Policja poinformowała o zlikwidowaniu przez funkcjonariuszy zwalczających przestępczość gospodarczą nielegalnej wytwórni alkoholu. Zatrzymano cztery osoby, które zostały już aresztowane. Grozi im do pięciu lat więzienia.
Służby prasowe bielskiej komendy podały w czwartek, że nielegalna gorzelnia działa w budynkach gospodarczych na posesji w gminie Buczkowice.

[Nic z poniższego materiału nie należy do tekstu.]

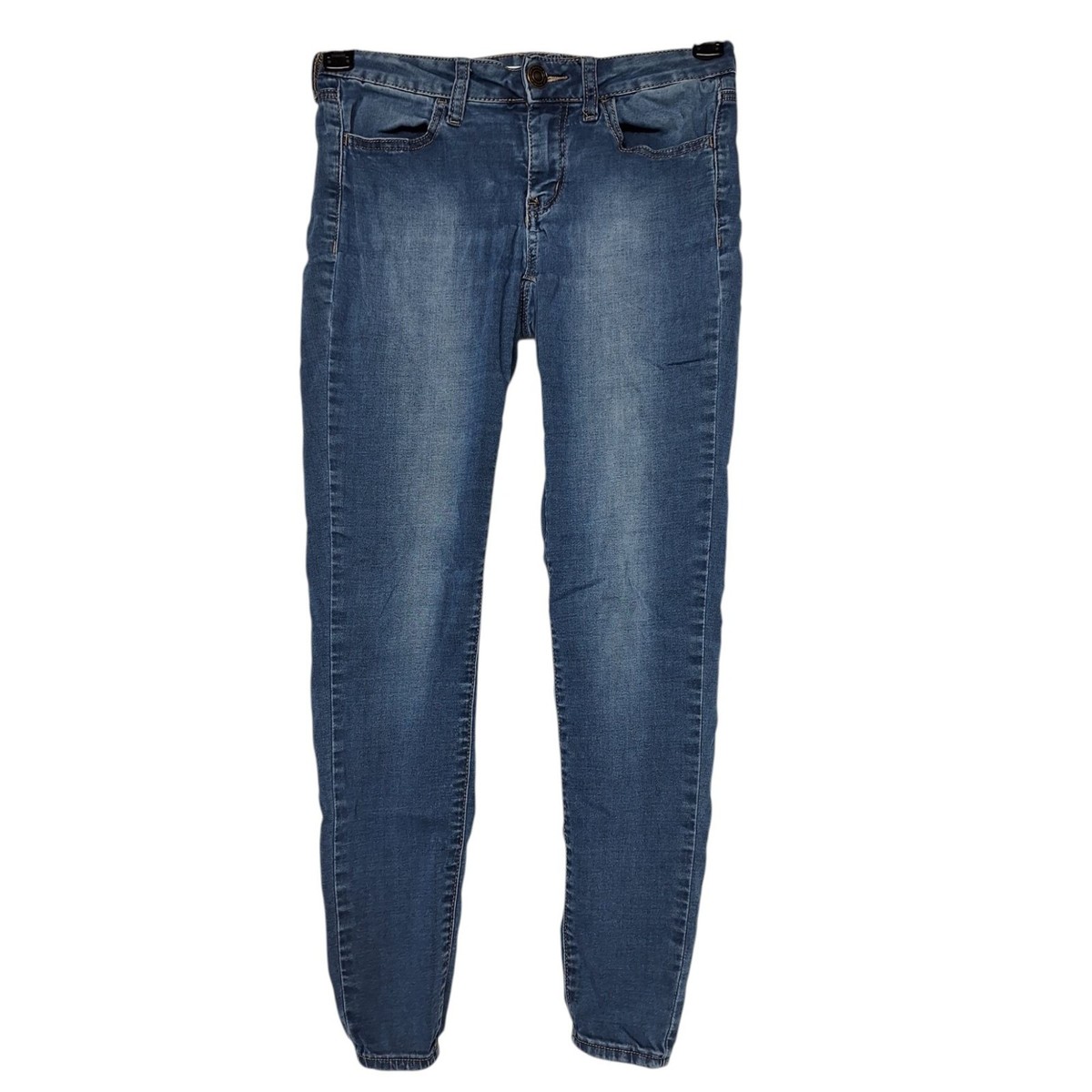 SO Ultimate Low Rise Jeggings Size 3/26W Blue Denim Skinny Pants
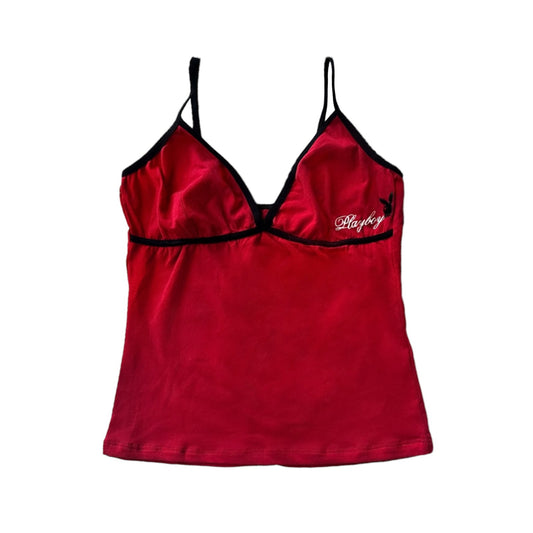 Playboy Red & Black Cami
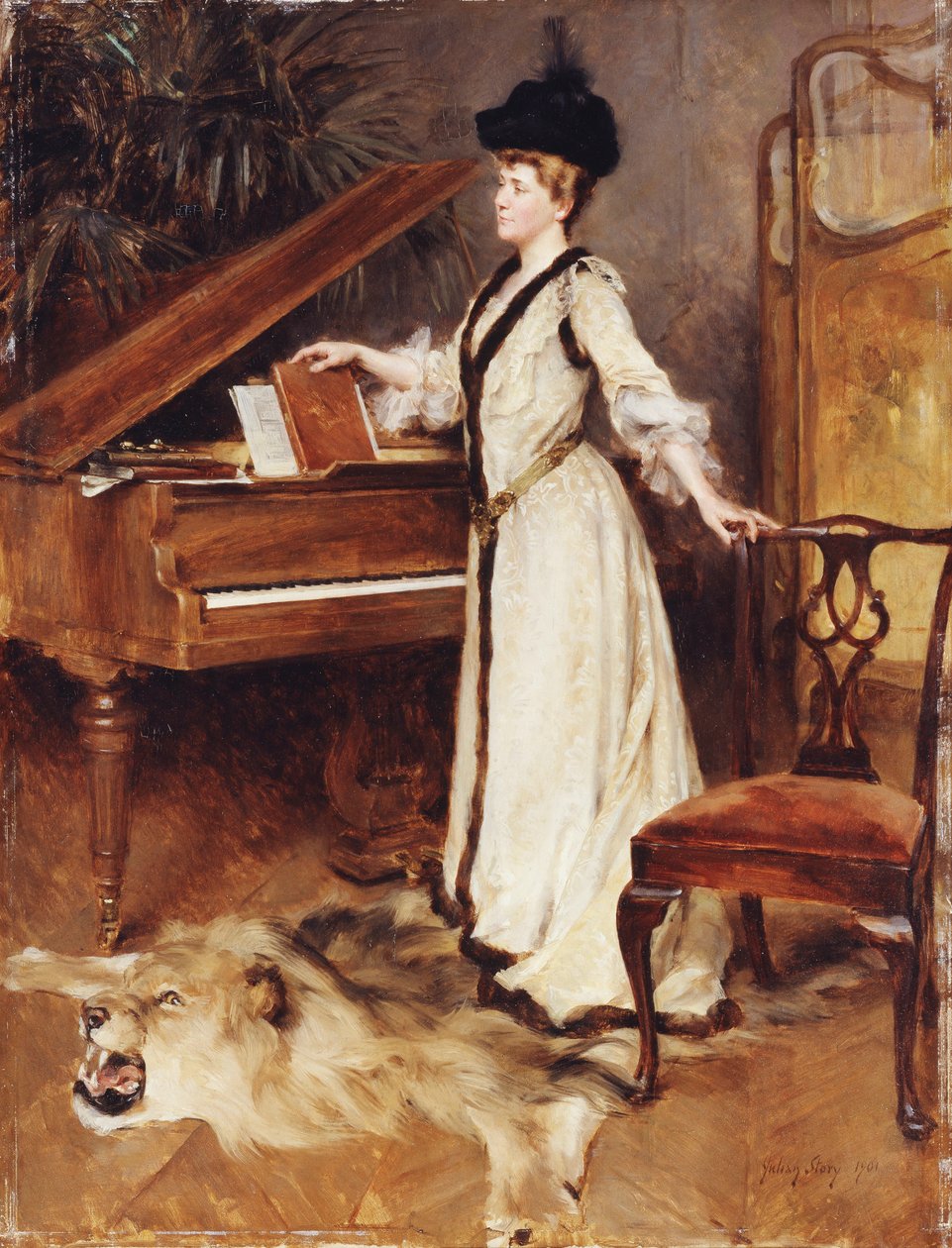 Retrato de la Sra., 1901 de Julian Russell Story
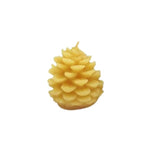 Bougie en cire d'abeille en forme de pomme de pin - Petite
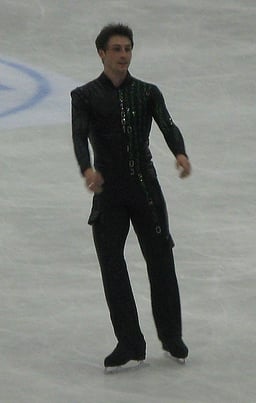What was Brian's score in his record breaking short program in 2004?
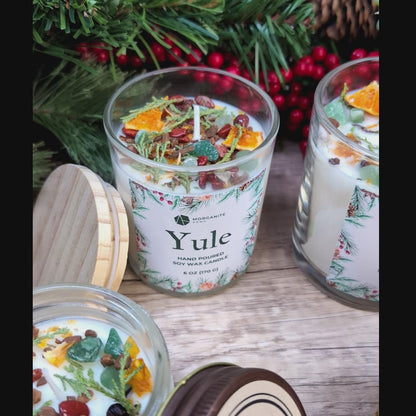Yule Candle, Winter Solstice Candle, Christmas Candle, Holiday Candle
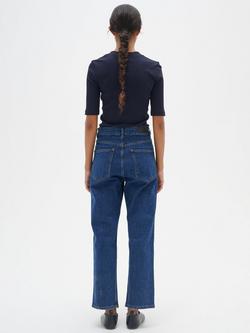 InWear V-Neck Slim Fit T-Shirt, Marine Blue - view 2, Marine Blue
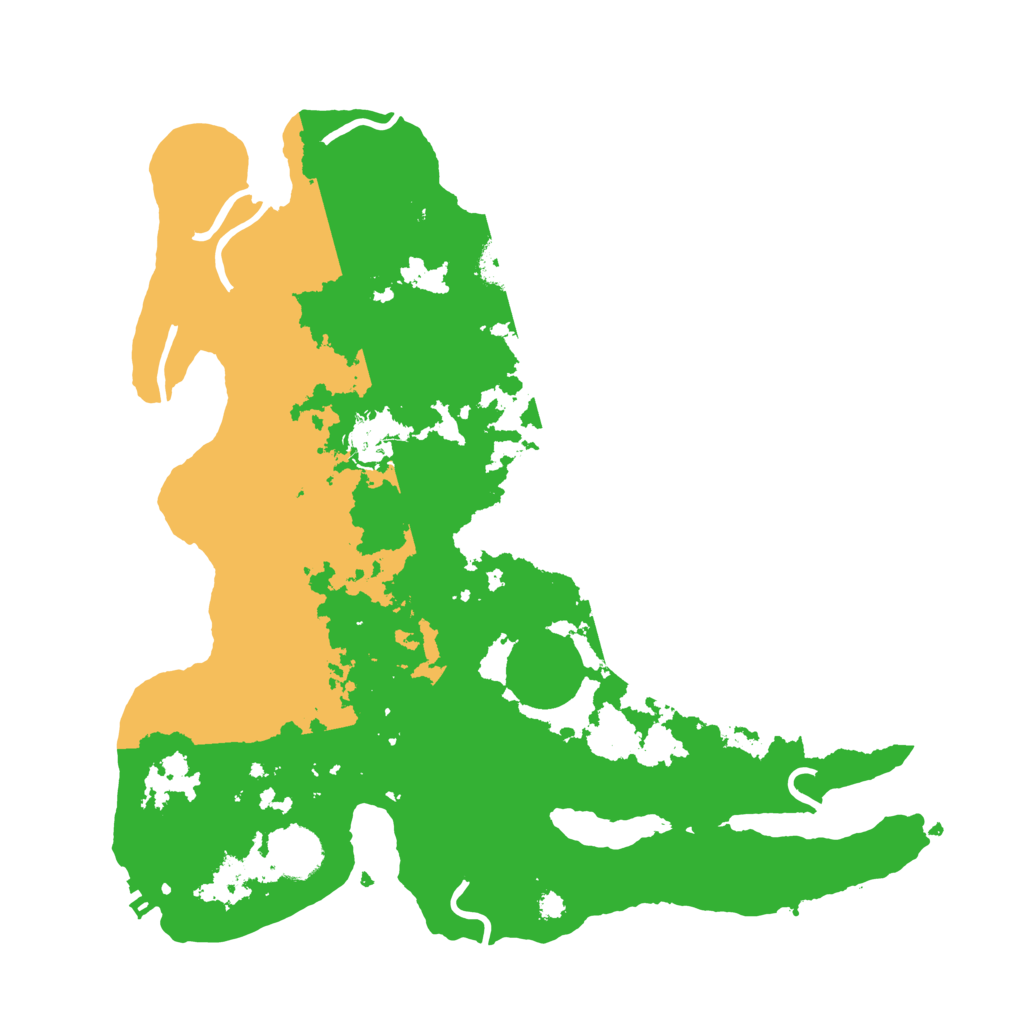Biome Rust Map: Procedural Map, Size: 3500, Seed: 1847297432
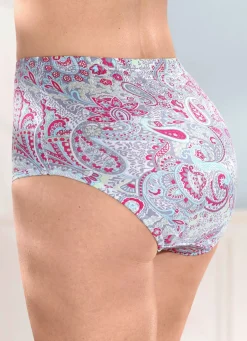 Discount Fünferpack Slips mit Paisley-Dessin Damen Slips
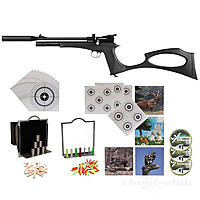 Diana Bandit Black Pressluftpistole 4,5mm Diabolos Supertarget Set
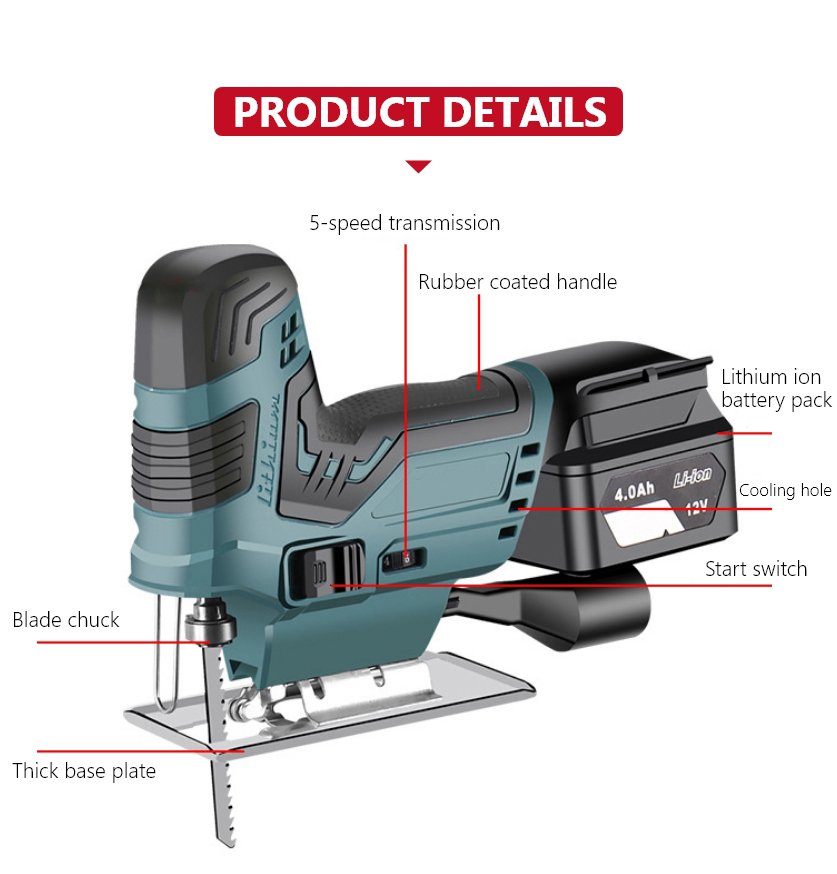 12V Cordless Jig Saw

„W trakcie przeszukania funkcjonariusze natrafili na działającą pełną parą linię produkcyjną spirytusu na skalę przemysłową. Takie też ilości alkoholu i półproduktu znaleźli w środku - ponad 1,5 tys. l czystego spirytusu w pięciolitrowych pojemnikach po wodzie mineralnej oraz około 1,2 tys. litrów gotowego do dalszej produkcji zacieru”
– poinformowano.
Policja podała, że działające pełną mocą destylatory miały „przemysłową wydajność”.
„Z uwagi na ogromne ilości alkoholu, który jest substancją łatwopalną, na miejsce wezwano jednostkę chemiczno-ekologiczną z Państwowej Straży Pożarnej w Bielsku-Białej. Strażacy zabezpieczyli teren oraz przeprowadzili wstępne badania potwierdzając, że jest to wysokoprocentowy etanol”
– wskazano.
Policjanci ustalili personalia hurtowego odbiorcy wyrobów spirytusowych, który mieszka w województwie mazowieckim. Śledczy pojechali do niego.
„W wyniku przeszukania zabezpieczono około 130 litrów substancji o zapachu alkoholu w butelkach plastikowych oraz inne przedmioty służące do produkcji i handlu nielegalnymi wyrobami spirytusowymi”
– poinformowano.
W tej sprawie zatrzymano już cztery osoby. Wszystkie zostały aresztowane przez sąd na trzy miesiące.
Podejrzanym o przestępstwa skarbowe i naruszające ustawę o wyrobach spirytusowych, grozi teraz kara do pięciu lat więzienia.